Developing Self-discipline

One problem that many procrastinators share is that they don’t have self-discipline. Luckily, there are some ways you can develop it. First, work during your best times. Chart your energy levels over a day’s work. Divide your day into two hour segments and note whether your energy levels are high, moderate, or low. Repeat this across the week to give you a picture of your average working day.

Then schedule your most important work for your best hours, when you’re most energetic. Let’s work through an example. An IT consultant who’s prone to procrastination has decided to change her ways. She analyses her energy levels and finds that she works best between 11:00 a.m. and 1:00 p.m. So she schedules her most difficult tasks for that time.

The next way to develop discipline is to stop thinking and just get started. Planning is important, but eventually you have to get the work done, otherwise you’re just using the planning process to avoid the job. So that IT consultant is managing a network infrastructure changeover for a client. She’s made a plan, but instead of getting going, she asks some contacts for ideas and spends a week weighing the pros and cons of their opinions.

In the end, she sticks with her original plan, so that week was time wasted. That moves us onto the third way to be more self-disciplined. Make neatness a habit. Invest some time in neatness and you’ll soon save time by not having to search for things. Keep your desk and computer tidy. Create digital and paper filing systems and keep them up to date.

Our IT consultant friend has a tidy computer already, but her desk is a mess. She makes time one afternoon to get things cleaned up. And from then on, she can quickly lay her hands on everything she needs. The final strategy for self-discipline is to focus on finishing.
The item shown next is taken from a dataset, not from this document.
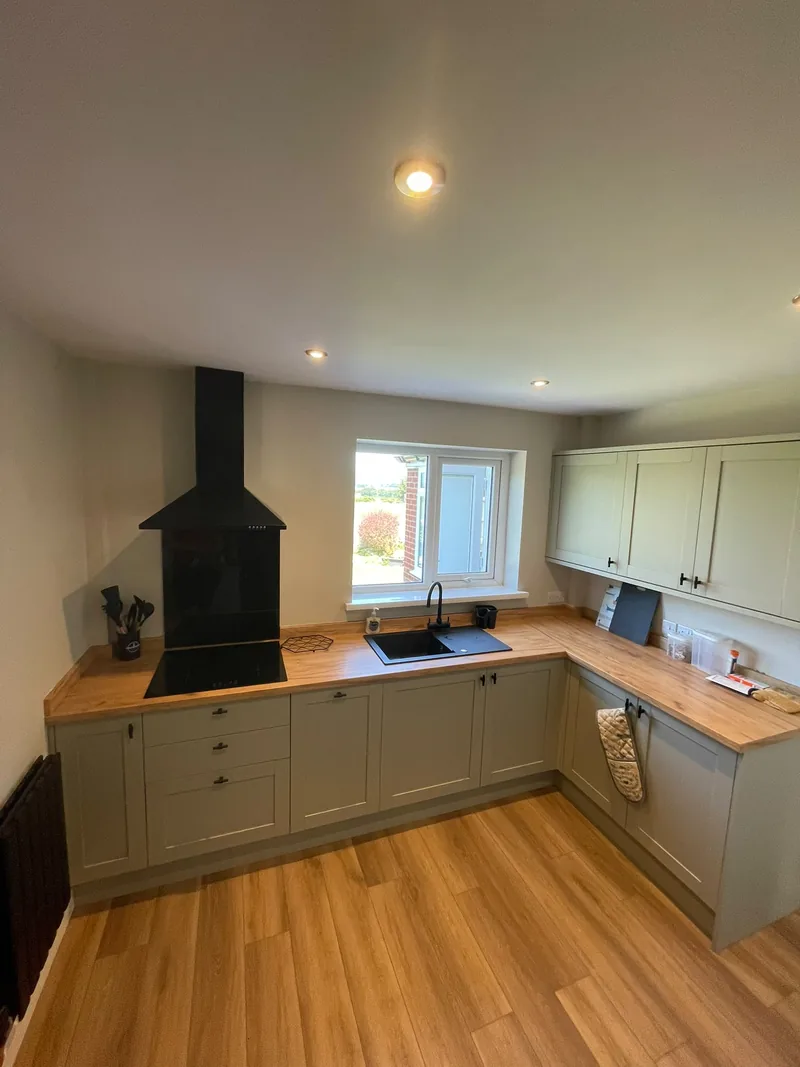 Sage green shaker kitchen with solid oak worktops, black chimney extractor and induction hob by AG Joinery Lancashire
Don’t get bogged down in perfectionism.

It’s good to want the work to be excellent, but you have to be able to let go of a task, too. Also, don’t get distracted by new tasks. Get your current work done before you start something else. It can help to reward yourself to keep motivated, so you could promise yourself a break after you’ve reached a target.

Our IT consultant’s making a plan for a company system upgrade. She works solidly, rewarding herself with a decaf mocha every time she finishes three sections. Another client calls for a consult, but she schedules a future call for when she’s finished, and she keeps going until the job is done instead of second guessing herself and adding bells and whistles.

If you want to get things done, when you feel like giving up, you need to act on what you think instead of what you feel. Build self-discipline and that’s what you’ll be able to do.